Commercial growers are limited to very few varieties per year, and those are dictated to them by Big Tobacco. I think the preservation of the old varieties is now in the hands of the hobby growers, and I hope to help make as many of those varieties available as I possibly can. It's up to the hobby growers to save most of these varieties from extinction.
You're right about that. As a former employee of commercial growers I had no idea that there were so many varieties of tobacco. Like, there was only maybe 6 kinds of wrapper when I started in the 60s--now there must be at least 50 commercial wrappers and that seems to me like really a lot.

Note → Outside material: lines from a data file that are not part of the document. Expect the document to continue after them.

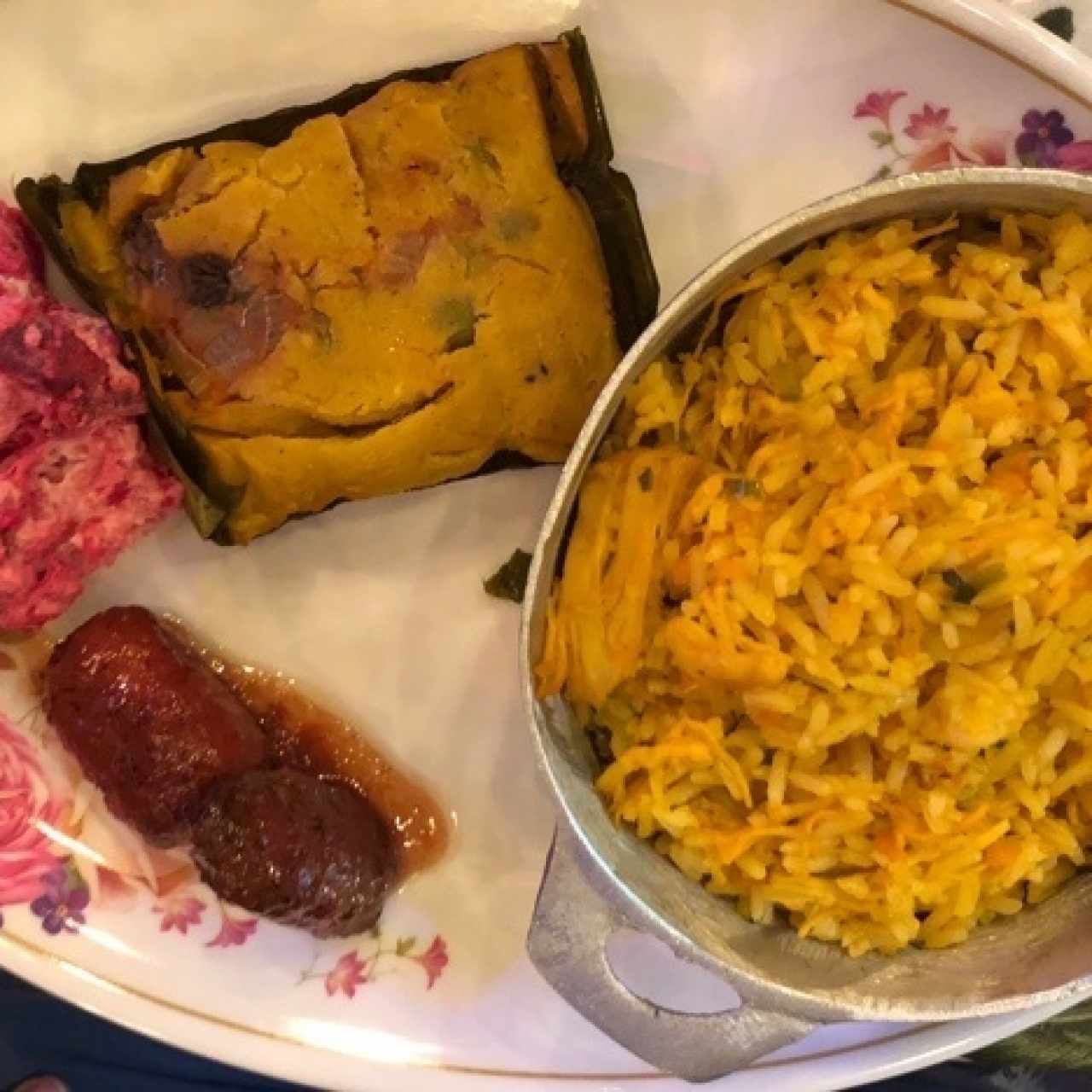 arroz con pollo, tamal y plátano en tentación
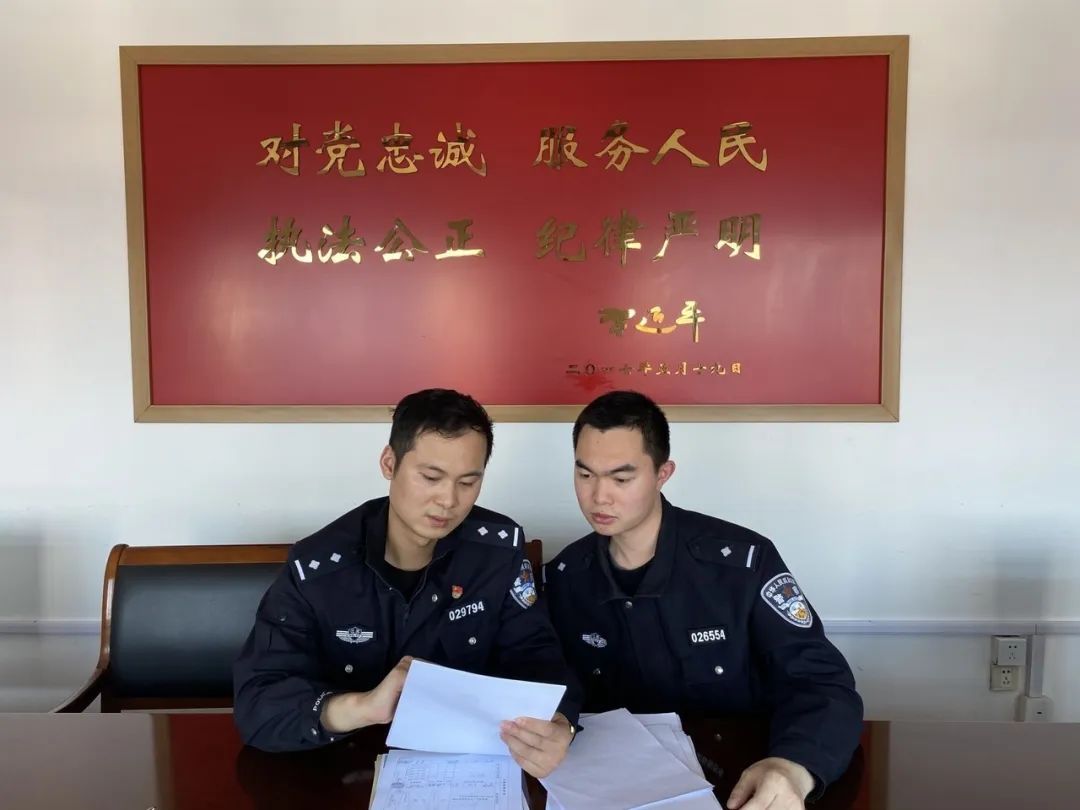 新吴公安分局硕放派出所(左)师父:仝 飞,29岁(右)徒弟:王济洲,23岁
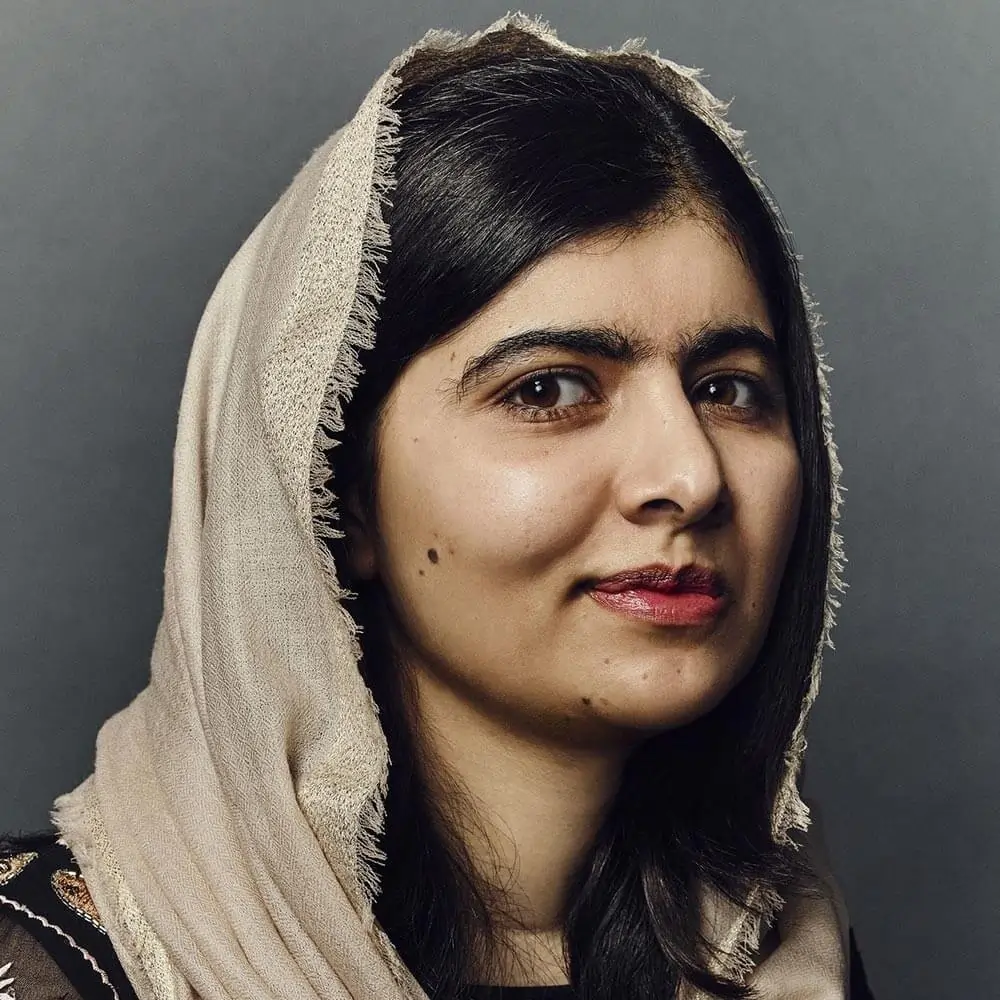 Imagem de Malala, uma mulher de cabelos pretos, meio sorrido, e um pano envolvendo seu cabelo mas deixando-o a mostra. Texto: Direitos civis: afinal, o que são e como surgiram?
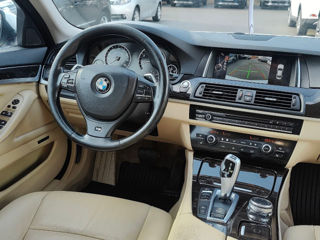 BMW 5 Series foto 13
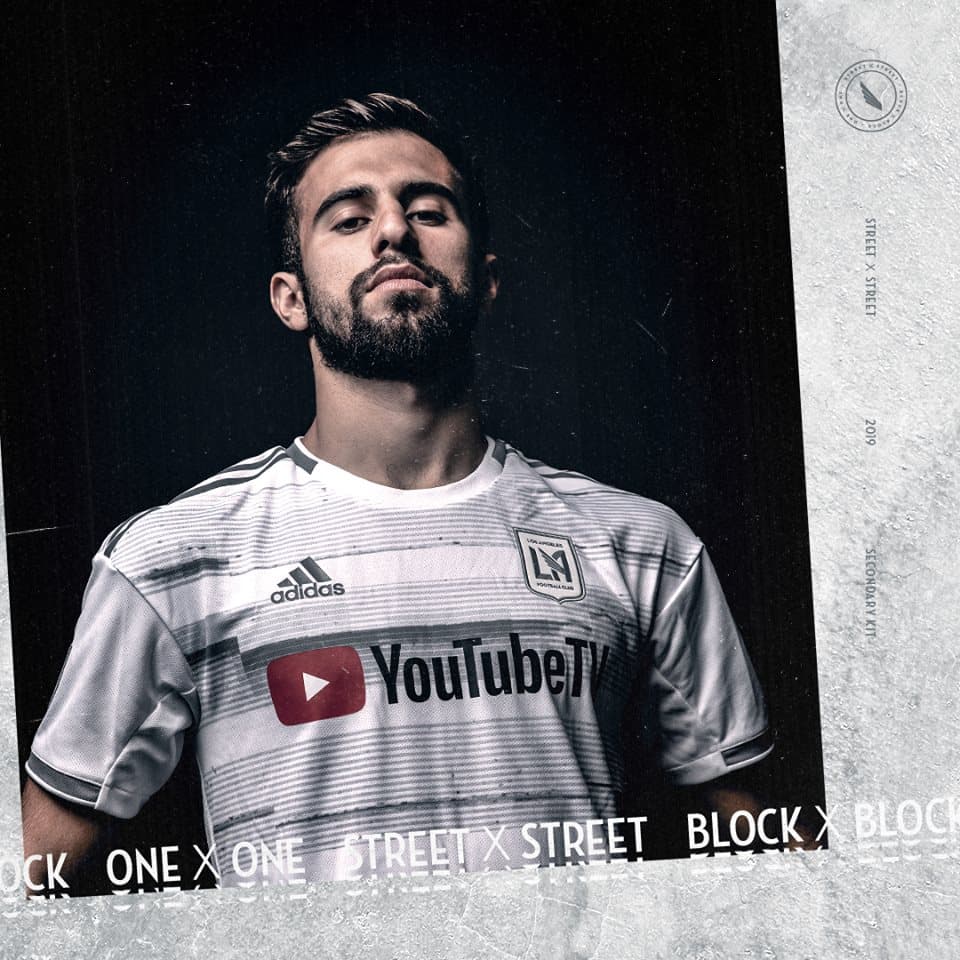 El uruguayo Diego Rossi enseña la nueva camiseta alternativa de LAFC, bautizada como 'Calle a Calle'. (LAFC)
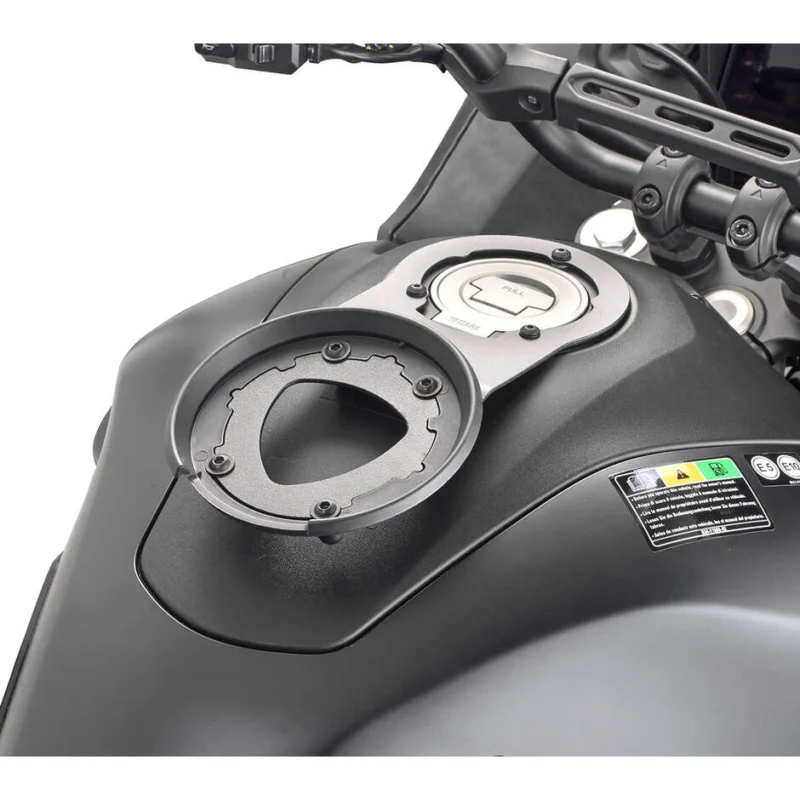 Ordina Subito Flangia per borse serbatoio TankLock, TanklockED Givi BF88 Per YAMAHA Tracer 7 / Tracer 7 GT (20 - 24)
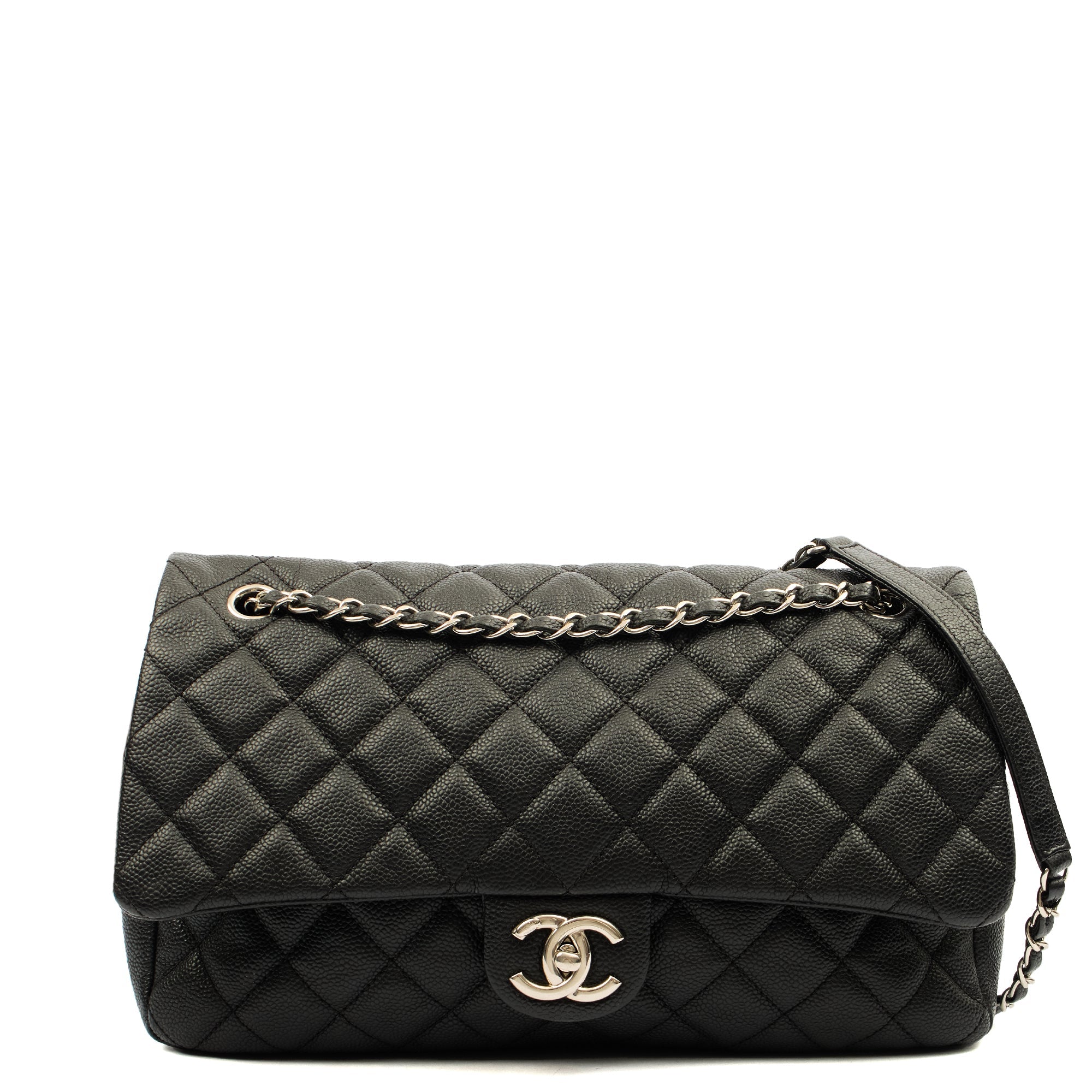 Chanel Shoulder Bag Flap Bag in Black, Caviar Leather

I doubt if commercial growers bother to keep historic seed lines going. General Cigar "re-discovered" Conn. Havana Seed in the 1990s in a coffee can in an old unused warehouse, which hadn't been grown in Conn since the 1950s. As it happened there was also one small broadleaf grower who had been quietly keeping the strain going all along, growing a few plants for seed each year. General crossed their seed with something else to create a patented wrapper they call "Medio Tiempo." So now, there are 2 kinds of Conn Havana seed.
This sort of thing is about the limit of big tobacco's ability to keep strains going. Is IS going to be up to the hobbyist, and you have played a big part--you might go down in tobacco history--don't be too quick to give away anything that you might create--maybe Big Tobacco will buy it (if you actually own it, I mean.)